NB if you can't wait until next Summer, don't forget the Childwickbury Christmas Market on Saturday 23rd and Sunday 24th November 2019 😉







Sunday, 30 June 2019

Kerry Sketchbook




Skellig afternoon
Inktense pencil sketch by Teresa Newham

It's hard to believe that just a month ago we were on holiday in County Kerry!  I took a watercolour sketchbook with me, along with my Inktense pencils and a waterbrush, determined to make the best of whatever the weather could throw at us.


the Skelligs from Valentia Island
© Teresa Newham

The notes say that the Skelligs sketch was made "on location".  In this case, that meant "sitting in the car" - it was breezy outside, and I made the most of the opportunity to spread out my equipment in the warm, while my husband had a little doze.


Ballinskelligs beach
Inktense pencil sketch by Teresa Newham


The following day at Ballinskelligs beach, the weather was changing all the time from moody clouds to sunshine and back again.  I sat on a rock to make this sketch , and only just made it safely back to the car before the heavens opened.
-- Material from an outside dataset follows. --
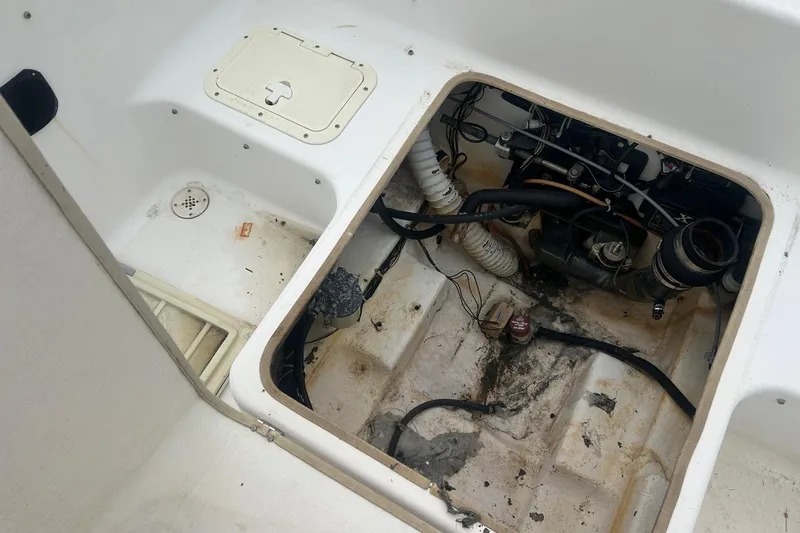 Slide: The Image of Open engine compartment of a 2001 Sea Fox 204 Millenium boat, showing internal components. - 14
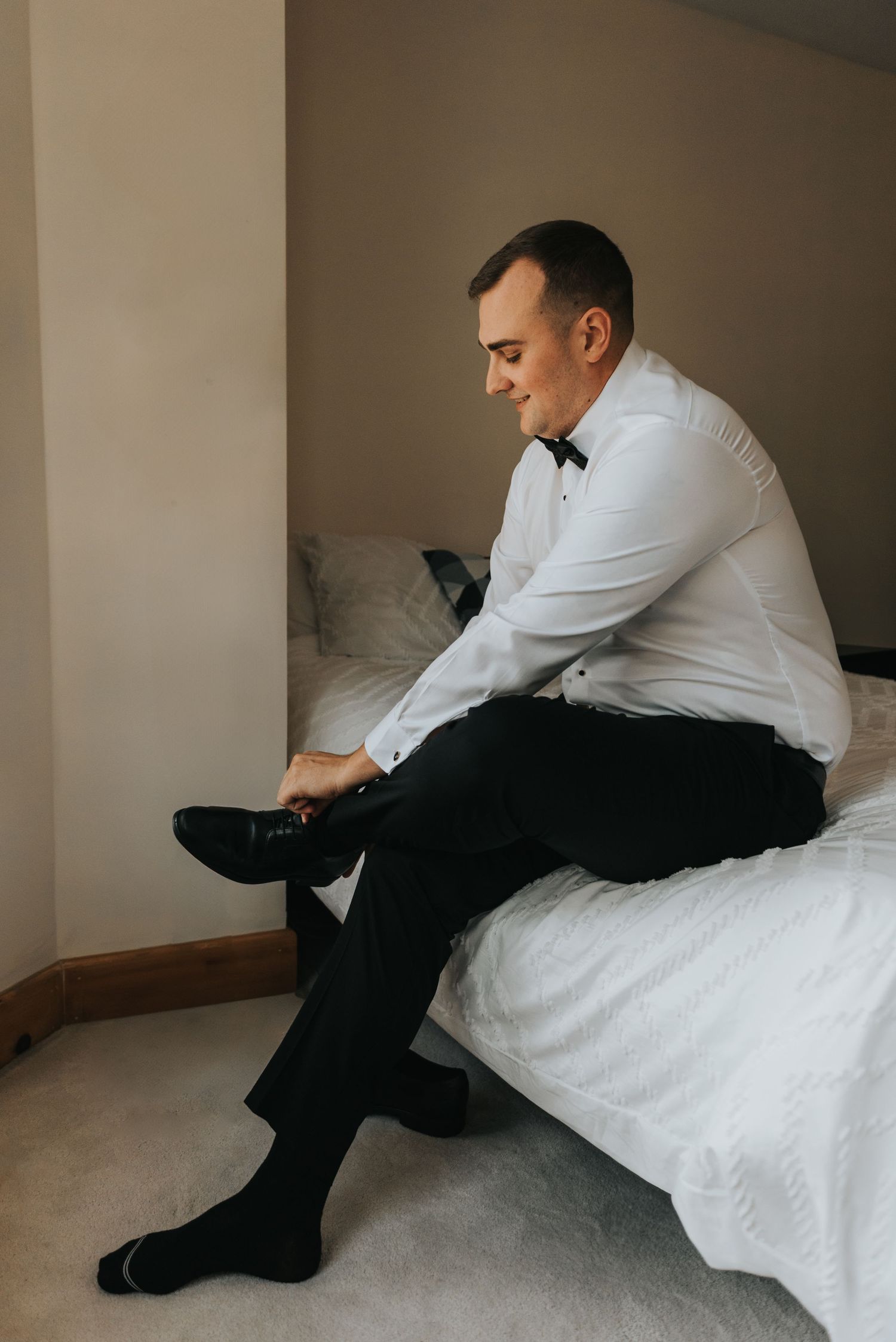 Getting dressed in formal attire while sitting on a bed in a white button-down shirt and black pants.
McCarthy Mor Castle, Ballinskelligs
© Teresa Newham


The Inktense pencils were perfect for holiday sketching; I was able to get outlines down quickly and fill in details afterwards, adding extra touches of colour as necessary.  Even in damp weather they dried promptly on the page, and the waterbrush was a joy to use.


Rossbeigh Beach
Inktense pencil sketch by Teresa Newham

At Rossbeigh Beach the tide was in, but it didn't matter, as a howling gale meant we had no desire to get out of the car.  I didn't do justice to the stunning scenery, but it's an excellent rendition of how I was feeling after two glasses of Guinness the night before.


clouds at Rossbeigh Beach
© Teresa Newham

My final sketch was done indoors, looking out of a window at the fields beyond.  Until you looked closely there didn't seem to be much going on, but I found quite a lot to put down on paper, especially when I imagined it from a different angle.


Millie's view
Inktense pencil sketch by Teresa Newham

We came away fully refreshed, with many happy memories, a bunch of souvenirs, a few sketches and a lot of photos -  so I suspect I'll be making some more Kerry-based artworks before too long!